The URL handler trick makes it possible for the Twitter website to hand the user's access token directly back to the application when authentication is complete. In cases where that approach is used, the application's key necessarily has to be configured as a Web key, even though it is used in a desktop application. If that key is compromised, it is susceptible to the previously described phishing attack. (It's also worth noting that there is a risk of some malicious application overriding the URL handler settings to make itself the recipient of the access token.)

Ideally, OAuth implementors should require application developers to supply the callback address when they configure their key and should not allow that setting to be overridden by the client application in a request parameter. Twitter has a field in the key configuration that allows the developers to specify a default, but they still allow client applications to use the dangerous callback override parameter.

Security is hard, let's go shopping!

Individual implementations aside, the general concept behind OAuth's redirection-based authorization process materially increases the risk of phishing. The people behind the standard are fully aware of that fact, but they don't believe that the issue should necessarily be addressed by the standard itself.

They have argued for quite some time that end users should simply be more careful and implementors should come up with best practices on their own.
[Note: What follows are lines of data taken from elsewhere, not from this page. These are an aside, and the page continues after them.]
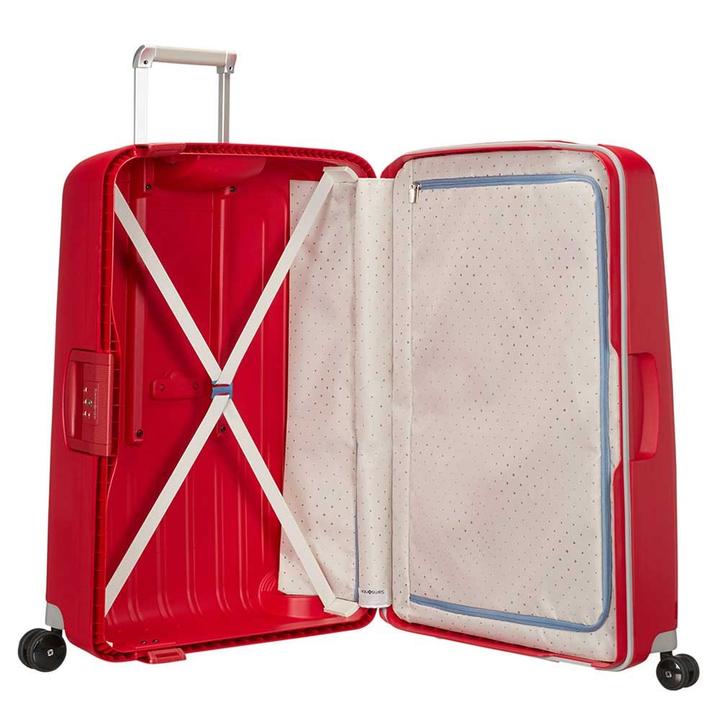 Daniel Ray Samsonite S'Cure Spinner 81 Crimson Red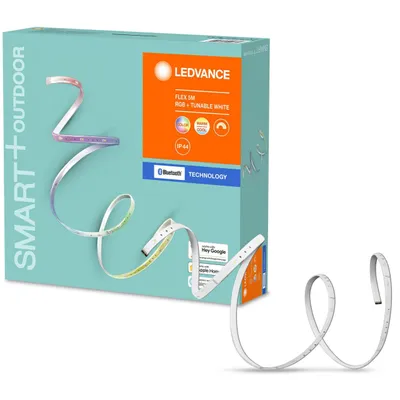 Produktbild von LEDVANCE SMART+, Universalstreifenleuchte, Transparent, Polycarbonat (PC), Silikon, IP44, IP65, II, Multi, Weiß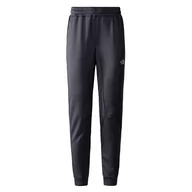 Spodnie sportowe damskie - Spodnie The North Face Mountain Athletics Fleece 0A856BMN81 - czarne - miniaturka - grafika 1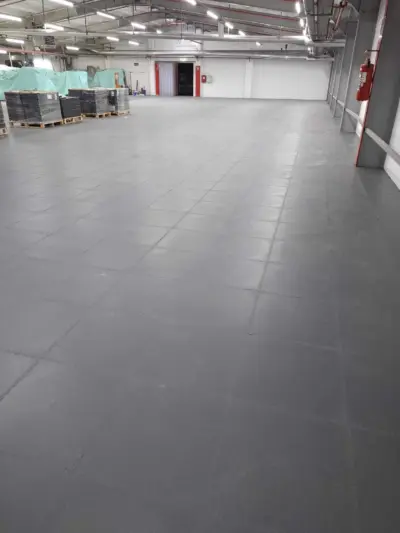 Industrial floor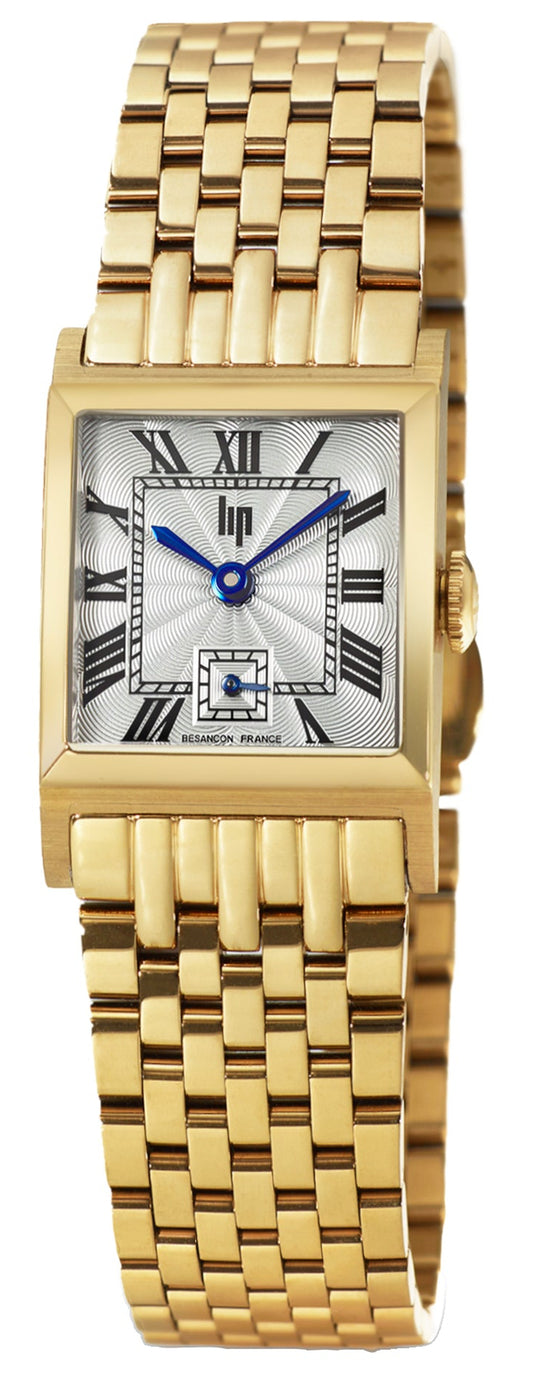 LIP 671957 Churchill C18 Gold Stainless Steel Bracelet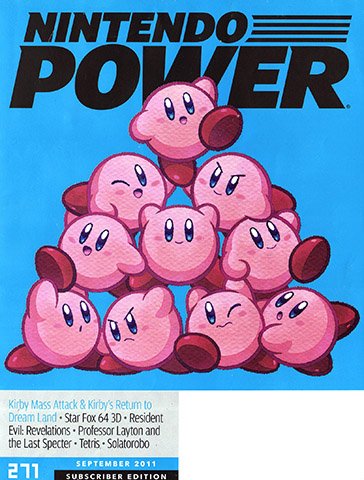 More information about "Nintendo Power Issue 271 (September 2011)"
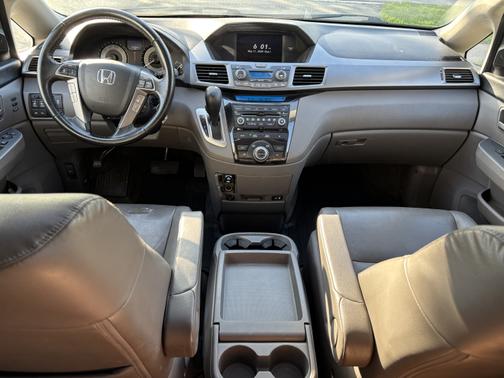 2013 Honda Odyssey Touring Elite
This is because the purpose of the OAuth standard was to mitigate the password antipattern, not to holistically solve every security problem.

"OAuth cannot help careless users, and phishing is all about not paying attention to what you do. There has been some interesting discussion about phishing on the OAuth group and the bottom line is, it is far beyond the scope of the protocol," OAuth contributor Eran Hammer-Lahav wrote in 2007.

Unfortunately, there are advocates of OAuth who are less honest than Hammer-Lahav about the standard's scope and limitations. Some proponents of the standard misrepresent its maturity and suitability for adoption while downplaying its weaknesses and risks.

When people try to raise concerns about the problems, OAuth advocates tend to argue that developers who don't like OAuth are simply lazy or don't care about security. Some of the people behind the OAuth standard try really hard to convince end users that they should expect OAuth support everywhere, even in contexts where it doesn't really work or make sense. Their attitude is that developers should man up and learn to live in the brave new OAuth-enhanced world where solving the password antipattern takes priority over every other security issue.